Com a desenvolvimento da ciência e principalmente dos estudos da física quântica, o homem começou a entender e manipular, como nunca antes na história, a energia nuclear. Em outras palavras, começamos a aproveitar parte do gigantesco potencial energético dos processos de transformação de núcleos atômicos. Tanto para o bem quanto para o mal.

Neste artigo, veremos as diferenças teóricas entre a fissão e a fusão nuclear, além é claro de exemplos de aplicações e curiosidades de cada uma delas.

Vamos lá!

Fissão nuclear

A fissão nuclear é a “quebra” , ou divisão, de um átomo mais pesado em outros, evidentemente mais leves que o original. Na prática, esse processo ocorre com o bombardeamento de nêutrons em núcleos radioativos, gerando isotopos instáveis que, por sua vez, culmina com as rupturas desses núcleos, gerando uma reação em cadeia (pois outros nêutrons atingirão outros núcleos) e liberando uma grande quantidade de energia.

Temos diversos exemplos da utilização da fissão nuclear. Certamente, os mais conhecidos são a produção de energia elétrica, através da fissão do urânio, e a fabricação de bombas atômicas, como as que devastaram as cidades de Hiroshima e Nagasaki em 1945. Vale ressaltar que, a grosso modo, a diferença entre o reator de uma usina nuclear e a bomba atômica é que, no primeiro caso, a reação em cadeia é controlada. Nas bombas atômicas, não.

Fusão nuclear

Ao contrário da fissão, a fusão nuclear acontece quando dois elementos se chocam para formar um novo elemento, evidentemente mais pesado. A liberação de energia na fusão nuclear é muito superior que na fissão.

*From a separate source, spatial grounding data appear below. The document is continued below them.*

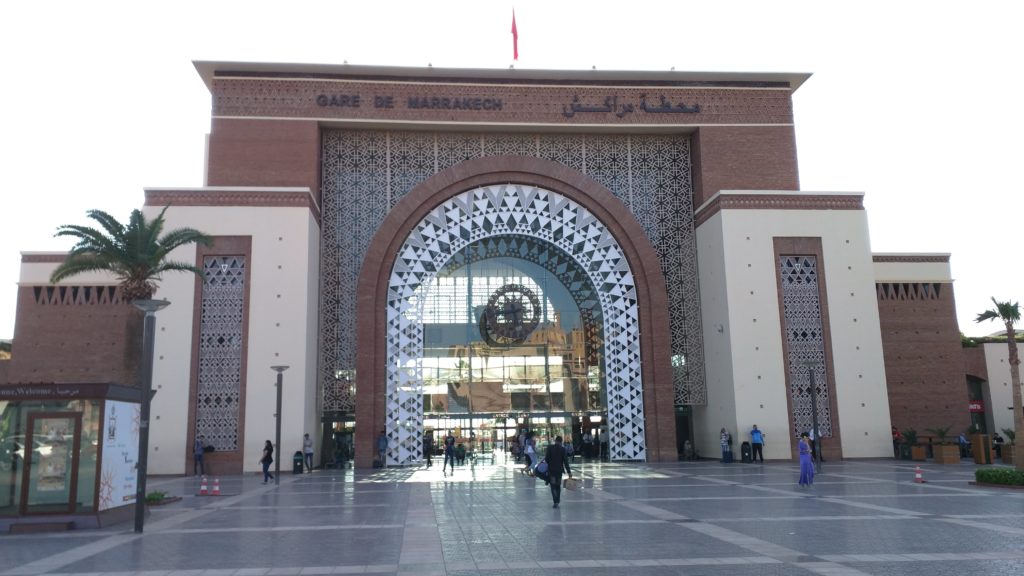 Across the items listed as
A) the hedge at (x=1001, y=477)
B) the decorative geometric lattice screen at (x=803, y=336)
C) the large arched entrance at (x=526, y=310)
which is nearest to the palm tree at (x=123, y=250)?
the large arched entrance at (x=526, y=310)

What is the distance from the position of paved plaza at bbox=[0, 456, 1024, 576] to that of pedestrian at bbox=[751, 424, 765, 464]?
674 centimetres

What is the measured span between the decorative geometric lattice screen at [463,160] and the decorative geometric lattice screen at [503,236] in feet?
5.00

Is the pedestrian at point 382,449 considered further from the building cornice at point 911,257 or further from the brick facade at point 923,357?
the building cornice at point 911,257

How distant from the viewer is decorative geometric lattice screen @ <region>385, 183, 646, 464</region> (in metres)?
27.9

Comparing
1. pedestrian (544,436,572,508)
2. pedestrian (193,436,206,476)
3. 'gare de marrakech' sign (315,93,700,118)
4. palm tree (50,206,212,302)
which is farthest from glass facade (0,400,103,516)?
'gare de marrakech' sign (315,93,700,118)

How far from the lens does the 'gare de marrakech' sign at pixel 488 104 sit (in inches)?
1141

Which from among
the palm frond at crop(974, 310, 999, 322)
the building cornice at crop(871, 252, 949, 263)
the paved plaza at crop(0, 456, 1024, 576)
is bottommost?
the paved plaza at crop(0, 456, 1024, 576)

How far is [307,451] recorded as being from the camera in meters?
25.7

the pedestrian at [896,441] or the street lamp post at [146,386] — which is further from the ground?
the street lamp post at [146,386]

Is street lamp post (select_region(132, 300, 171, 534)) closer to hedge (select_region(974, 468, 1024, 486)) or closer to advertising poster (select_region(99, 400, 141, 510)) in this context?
advertising poster (select_region(99, 400, 141, 510))

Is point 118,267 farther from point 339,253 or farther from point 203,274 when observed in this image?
point 339,253

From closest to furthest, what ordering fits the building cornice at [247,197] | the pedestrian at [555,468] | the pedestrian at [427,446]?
the pedestrian at [555,468] < the building cornice at [247,197] < the pedestrian at [427,446]

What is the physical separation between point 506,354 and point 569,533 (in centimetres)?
1831

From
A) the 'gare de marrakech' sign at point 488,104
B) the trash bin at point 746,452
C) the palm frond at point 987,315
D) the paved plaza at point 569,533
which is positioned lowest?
the paved plaza at point 569,533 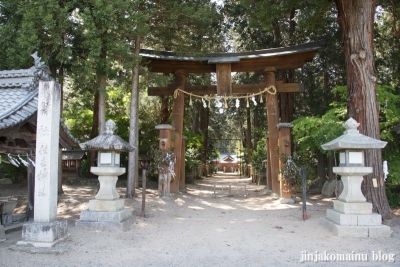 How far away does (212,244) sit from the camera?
6375 mm

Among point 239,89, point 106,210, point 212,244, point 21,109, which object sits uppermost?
point 239,89

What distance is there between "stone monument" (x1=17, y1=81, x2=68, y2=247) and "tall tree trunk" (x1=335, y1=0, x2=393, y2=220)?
7.20 meters

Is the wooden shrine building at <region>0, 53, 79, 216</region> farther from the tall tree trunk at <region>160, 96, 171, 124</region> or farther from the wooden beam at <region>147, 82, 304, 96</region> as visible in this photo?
the tall tree trunk at <region>160, 96, 171, 124</region>

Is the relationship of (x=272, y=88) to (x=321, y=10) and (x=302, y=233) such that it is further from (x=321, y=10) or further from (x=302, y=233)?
(x=302, y=233)

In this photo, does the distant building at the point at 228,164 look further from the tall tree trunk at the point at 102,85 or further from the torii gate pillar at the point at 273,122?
the tall tree trunk at the point at 102,85

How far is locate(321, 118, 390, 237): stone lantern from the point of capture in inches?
264

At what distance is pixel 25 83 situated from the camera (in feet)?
21.8

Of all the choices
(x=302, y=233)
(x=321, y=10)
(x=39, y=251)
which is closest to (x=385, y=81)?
(x=321, y=10)

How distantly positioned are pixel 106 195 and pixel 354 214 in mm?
5550

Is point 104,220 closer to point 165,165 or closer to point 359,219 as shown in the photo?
point 165,165

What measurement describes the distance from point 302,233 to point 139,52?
8.59 m

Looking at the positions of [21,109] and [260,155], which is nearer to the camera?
[21,109]

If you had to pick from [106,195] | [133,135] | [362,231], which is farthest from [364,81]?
[133,135]

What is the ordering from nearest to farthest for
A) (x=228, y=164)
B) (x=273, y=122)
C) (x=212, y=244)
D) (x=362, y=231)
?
(x=212, y=244)
(x=362, y=231)
(x=273, y=122)
(x=228, y=164) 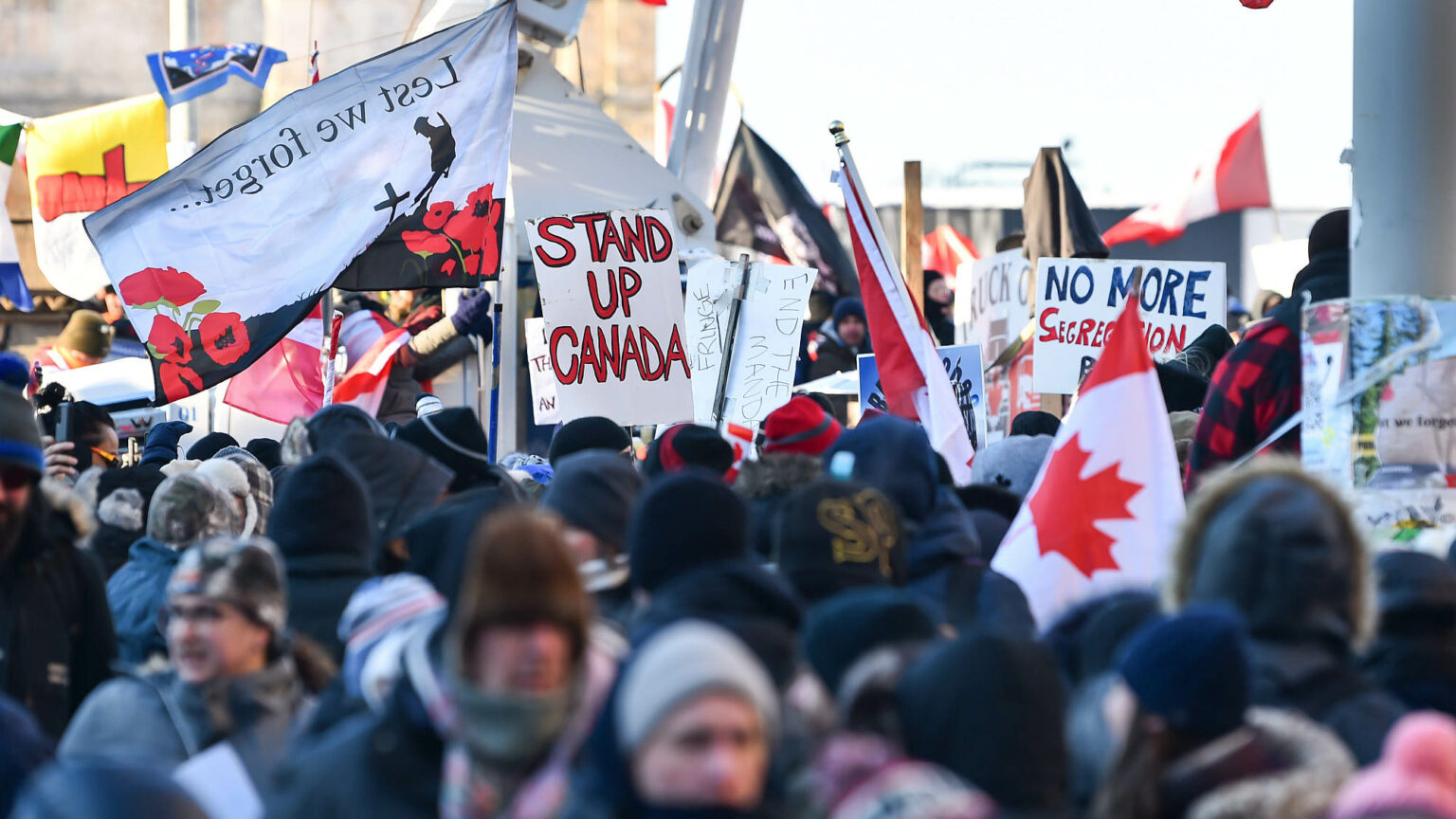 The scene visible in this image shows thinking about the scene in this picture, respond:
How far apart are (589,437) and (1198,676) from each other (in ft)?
12.7

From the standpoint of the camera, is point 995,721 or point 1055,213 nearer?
point 995,721

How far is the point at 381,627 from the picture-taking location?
3521 millimetres

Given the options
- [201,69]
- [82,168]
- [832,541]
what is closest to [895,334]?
[832,541]

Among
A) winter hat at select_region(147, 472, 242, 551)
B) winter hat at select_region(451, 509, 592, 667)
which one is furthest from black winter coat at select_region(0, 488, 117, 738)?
winter hat at select_region(451, 509, 592, 667)

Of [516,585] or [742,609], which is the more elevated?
[516,585]

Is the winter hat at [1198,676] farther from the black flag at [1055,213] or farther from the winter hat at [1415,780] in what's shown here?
the black flag at [1055,213]

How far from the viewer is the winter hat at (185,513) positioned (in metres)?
5.00

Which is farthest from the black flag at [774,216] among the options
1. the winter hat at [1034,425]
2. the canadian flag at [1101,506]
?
the canadian flag at [1101,506]

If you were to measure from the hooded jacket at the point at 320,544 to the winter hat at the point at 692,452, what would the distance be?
1497mm

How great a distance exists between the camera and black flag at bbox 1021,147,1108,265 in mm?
11820

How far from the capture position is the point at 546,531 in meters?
2.72

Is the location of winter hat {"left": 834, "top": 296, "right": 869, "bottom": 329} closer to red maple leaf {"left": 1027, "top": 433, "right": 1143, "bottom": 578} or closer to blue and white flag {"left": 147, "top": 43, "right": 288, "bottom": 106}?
blue and white flag {"left": 147, "top": 43, "right": 288, "bottom": 106}

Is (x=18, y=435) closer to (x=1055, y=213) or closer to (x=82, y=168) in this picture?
(x=1055, y=213)

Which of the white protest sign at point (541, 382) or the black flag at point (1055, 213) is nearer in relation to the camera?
the white protest sign at point (541, 382) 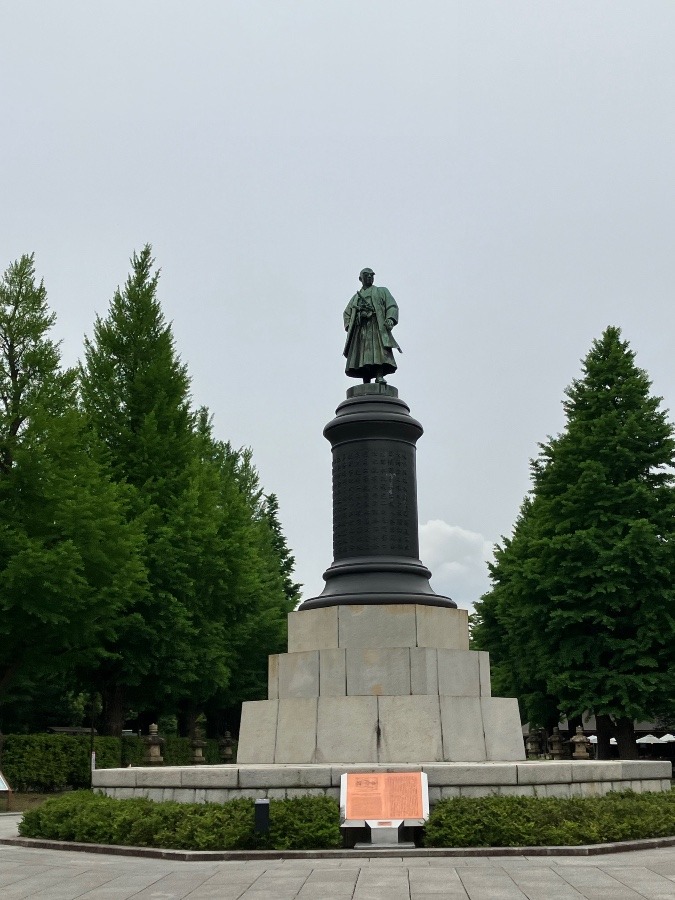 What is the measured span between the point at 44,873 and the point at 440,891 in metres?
5.28

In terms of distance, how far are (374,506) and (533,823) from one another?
26.7 feet

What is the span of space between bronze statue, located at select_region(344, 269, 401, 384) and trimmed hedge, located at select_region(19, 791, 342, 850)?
10.6 metres

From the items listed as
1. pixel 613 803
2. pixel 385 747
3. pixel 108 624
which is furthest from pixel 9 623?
pixel 613 803

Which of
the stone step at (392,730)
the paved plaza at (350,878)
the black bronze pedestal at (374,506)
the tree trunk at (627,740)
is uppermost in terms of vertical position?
the black bronze pedestal at (374,506)

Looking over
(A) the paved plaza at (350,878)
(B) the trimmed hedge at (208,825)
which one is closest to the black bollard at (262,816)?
(B) the trimmed hedge at (208,825)

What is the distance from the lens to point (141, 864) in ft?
45.5

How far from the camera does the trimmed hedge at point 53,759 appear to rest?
31516 mm

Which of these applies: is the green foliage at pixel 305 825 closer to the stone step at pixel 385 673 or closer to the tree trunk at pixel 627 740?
the stone step at pixel 385 673

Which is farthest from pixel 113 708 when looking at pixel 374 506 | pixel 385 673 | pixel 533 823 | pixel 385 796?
pixel 533 823

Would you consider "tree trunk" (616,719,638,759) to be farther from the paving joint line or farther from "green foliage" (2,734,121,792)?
the paving joint line

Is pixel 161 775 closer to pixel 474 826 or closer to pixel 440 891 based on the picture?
pixel 474 826

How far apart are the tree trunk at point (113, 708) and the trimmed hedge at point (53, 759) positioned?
1.63 meters

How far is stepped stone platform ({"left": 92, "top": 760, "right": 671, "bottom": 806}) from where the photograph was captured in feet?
50.3

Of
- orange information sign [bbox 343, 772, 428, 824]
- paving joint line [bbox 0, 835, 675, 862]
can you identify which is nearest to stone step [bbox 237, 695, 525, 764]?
orange information sign [bbox 343, 772, 428, 824] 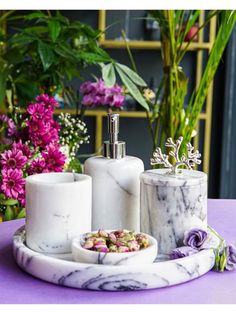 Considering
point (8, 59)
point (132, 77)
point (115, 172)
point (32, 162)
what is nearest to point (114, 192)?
point (115, 172)

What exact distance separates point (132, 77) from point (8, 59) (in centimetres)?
39

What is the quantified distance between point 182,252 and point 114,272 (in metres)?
0.12

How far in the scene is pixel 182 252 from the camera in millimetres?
748

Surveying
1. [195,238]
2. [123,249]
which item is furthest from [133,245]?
[195,238]

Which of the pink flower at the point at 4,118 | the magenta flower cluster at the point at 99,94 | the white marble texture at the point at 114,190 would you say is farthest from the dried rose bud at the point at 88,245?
the magenta flower cluster at the point at 99,94

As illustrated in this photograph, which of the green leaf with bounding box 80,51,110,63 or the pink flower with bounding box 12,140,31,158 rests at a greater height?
the green leaf with bounding box 80,51,110,63

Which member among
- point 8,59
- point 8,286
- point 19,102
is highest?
→ point 8,59

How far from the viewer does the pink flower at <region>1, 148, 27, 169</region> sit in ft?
3.49

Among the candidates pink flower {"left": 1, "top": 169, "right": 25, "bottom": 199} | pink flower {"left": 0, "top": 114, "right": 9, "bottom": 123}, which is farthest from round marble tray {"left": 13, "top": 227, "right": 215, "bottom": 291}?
pink flower {"left": 0, "top": 114, "right": 9, "bottom": 123}

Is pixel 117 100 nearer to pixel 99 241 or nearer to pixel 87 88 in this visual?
pixel 87 88

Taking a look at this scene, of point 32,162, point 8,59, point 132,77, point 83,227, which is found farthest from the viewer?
point 8,59

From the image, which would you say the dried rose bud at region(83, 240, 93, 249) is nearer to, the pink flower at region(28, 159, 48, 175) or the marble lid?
the marble lid

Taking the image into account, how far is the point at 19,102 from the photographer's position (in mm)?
1681

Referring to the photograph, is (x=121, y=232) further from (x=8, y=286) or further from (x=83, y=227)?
(x=8, y=286) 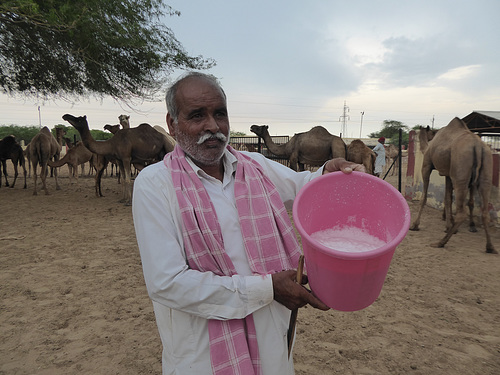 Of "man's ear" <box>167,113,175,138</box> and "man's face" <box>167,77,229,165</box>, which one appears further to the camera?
"man's ear" <box>167,113,175,138</box>

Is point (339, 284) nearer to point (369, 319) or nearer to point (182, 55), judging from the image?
point (369, 319)

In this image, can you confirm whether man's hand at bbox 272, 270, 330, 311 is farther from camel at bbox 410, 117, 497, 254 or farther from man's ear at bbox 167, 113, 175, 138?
camel at bbox 410, 117, 497, 254

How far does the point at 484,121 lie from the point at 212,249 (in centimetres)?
1230

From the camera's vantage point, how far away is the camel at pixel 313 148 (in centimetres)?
922

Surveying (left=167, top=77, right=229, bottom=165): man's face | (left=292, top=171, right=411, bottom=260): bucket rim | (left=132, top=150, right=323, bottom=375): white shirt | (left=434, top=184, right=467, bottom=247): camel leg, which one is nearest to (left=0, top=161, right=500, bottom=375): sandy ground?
(left=434, top=184, right=467, bottom=247): camel leg

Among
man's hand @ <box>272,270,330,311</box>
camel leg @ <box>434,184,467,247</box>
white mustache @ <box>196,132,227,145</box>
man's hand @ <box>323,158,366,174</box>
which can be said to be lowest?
camel leg @ <box>434,184,467,247</box>

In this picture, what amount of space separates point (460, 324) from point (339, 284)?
2765mm

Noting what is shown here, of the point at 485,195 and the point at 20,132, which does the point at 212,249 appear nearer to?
the point at 485,195

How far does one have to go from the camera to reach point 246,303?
1.24 m

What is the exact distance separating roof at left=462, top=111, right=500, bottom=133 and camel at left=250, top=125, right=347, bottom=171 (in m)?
3.54

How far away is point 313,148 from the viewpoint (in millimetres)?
9414

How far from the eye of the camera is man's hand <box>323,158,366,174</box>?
4.73 feet

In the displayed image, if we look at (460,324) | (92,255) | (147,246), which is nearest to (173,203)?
(147,246)

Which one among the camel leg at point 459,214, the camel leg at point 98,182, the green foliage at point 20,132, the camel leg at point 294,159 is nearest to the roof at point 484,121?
the camel leg at point 459,214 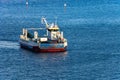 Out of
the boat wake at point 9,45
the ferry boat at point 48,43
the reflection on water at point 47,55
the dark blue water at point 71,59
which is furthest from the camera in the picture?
the boat wake at point 9,45

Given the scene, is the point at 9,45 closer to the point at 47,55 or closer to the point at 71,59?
the point at 47,55

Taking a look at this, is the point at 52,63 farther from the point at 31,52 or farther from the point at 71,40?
the point at 71,40

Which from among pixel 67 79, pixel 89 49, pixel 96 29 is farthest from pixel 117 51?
pixel 96 29

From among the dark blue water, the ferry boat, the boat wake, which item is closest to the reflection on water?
the dark blue water

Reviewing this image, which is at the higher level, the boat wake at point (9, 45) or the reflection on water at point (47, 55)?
the boat wake at point (9, 45)

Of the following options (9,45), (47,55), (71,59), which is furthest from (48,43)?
(9,45)

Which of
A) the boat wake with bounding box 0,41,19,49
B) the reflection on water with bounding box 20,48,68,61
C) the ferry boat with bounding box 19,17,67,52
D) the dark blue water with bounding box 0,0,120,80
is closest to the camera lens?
the dark blue water with bounding box 0,0,120,80

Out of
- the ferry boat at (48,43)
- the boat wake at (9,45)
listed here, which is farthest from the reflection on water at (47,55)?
the boat wake at (9,45)

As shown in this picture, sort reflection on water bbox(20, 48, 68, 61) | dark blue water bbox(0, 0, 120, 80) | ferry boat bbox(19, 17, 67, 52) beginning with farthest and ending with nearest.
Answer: ferry boat bbox(19, 17, 67, 52)
reflection on water bbox(20, 48, 68, 61)
dark blue water bbox(0, 0, 120, 80)

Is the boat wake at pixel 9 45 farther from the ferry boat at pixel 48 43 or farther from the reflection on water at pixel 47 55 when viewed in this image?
the reflection on water at pixel 47 55

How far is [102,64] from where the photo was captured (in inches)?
5032

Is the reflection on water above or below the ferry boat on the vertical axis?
below

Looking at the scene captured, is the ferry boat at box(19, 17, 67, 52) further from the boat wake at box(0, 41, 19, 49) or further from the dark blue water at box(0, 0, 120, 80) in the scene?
the boat wake at box(0, 41, 19, 49)

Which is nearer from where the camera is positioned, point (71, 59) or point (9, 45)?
point (71, 59) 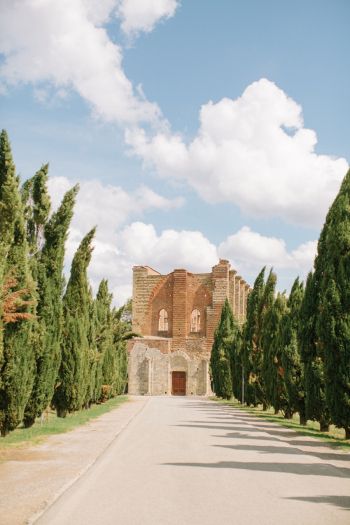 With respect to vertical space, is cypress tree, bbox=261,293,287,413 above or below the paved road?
above

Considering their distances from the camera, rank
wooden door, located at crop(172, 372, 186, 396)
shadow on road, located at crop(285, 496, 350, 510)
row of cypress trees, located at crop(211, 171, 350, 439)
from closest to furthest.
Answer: shadow on road, located at crop(285, 496, 350, 510) < row of cypress trees, located at crop(211, 171, 350, 439) < wooden door, located at crop(172, 372, 186, 396)

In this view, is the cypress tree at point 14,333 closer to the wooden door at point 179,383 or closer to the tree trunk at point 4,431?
the tree trunk at point 4,431

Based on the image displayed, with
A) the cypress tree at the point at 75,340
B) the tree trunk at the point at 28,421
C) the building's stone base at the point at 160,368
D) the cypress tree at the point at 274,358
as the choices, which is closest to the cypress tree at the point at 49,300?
the tree trunk at the point at 28,421

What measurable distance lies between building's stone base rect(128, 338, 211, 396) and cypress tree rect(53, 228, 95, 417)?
34.9m

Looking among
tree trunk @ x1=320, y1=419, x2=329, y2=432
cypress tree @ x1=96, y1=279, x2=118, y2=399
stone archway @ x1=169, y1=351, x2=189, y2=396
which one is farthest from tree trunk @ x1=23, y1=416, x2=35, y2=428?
stone archway @ x1=169, y1=351, x2=189, y2=396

O melhor exemplo de um processo de fusão nuclear é o Sol. Isso mesmo! Toda a energia que recebemos do “Astro Rei” vem da fusão de átomos de hidrogênio, que se chocam e geram átomos de hélio.

Quanto a aplicação da fusão nuclear pelo homem, temos a bomba de hidrogênio, criada em 1952. Para se ter uma ideia, essa surpreendente arma de destruição gerou, apenas no seu teste inicial, uma liberação de energia mil vezes maior do que as bombas atômicas que destruíram as cidades japonesas no final da segunda guerra mundial.

Entretanto, por necessitar de elevadíssimas temperaturas e condições especiais de presão para acontecer, a utilização da energia de fusão nuclear para gerar energia elétrica ainda não apresenta viabilidade econômica. Fica a torcida para que em breve consigamos aplicar tais conhecimentos. Afinal, ao contrário da fissão nuclear, a fusão não apresentaria lixo radioativo. Isso porque, provavelmente, seria utilizada a fusão de átomos de hidrogênio, que resultaria na liberação de gás hélio (inerte e não-radioativo), sendo assim considerada uma produção de energia “limpa”.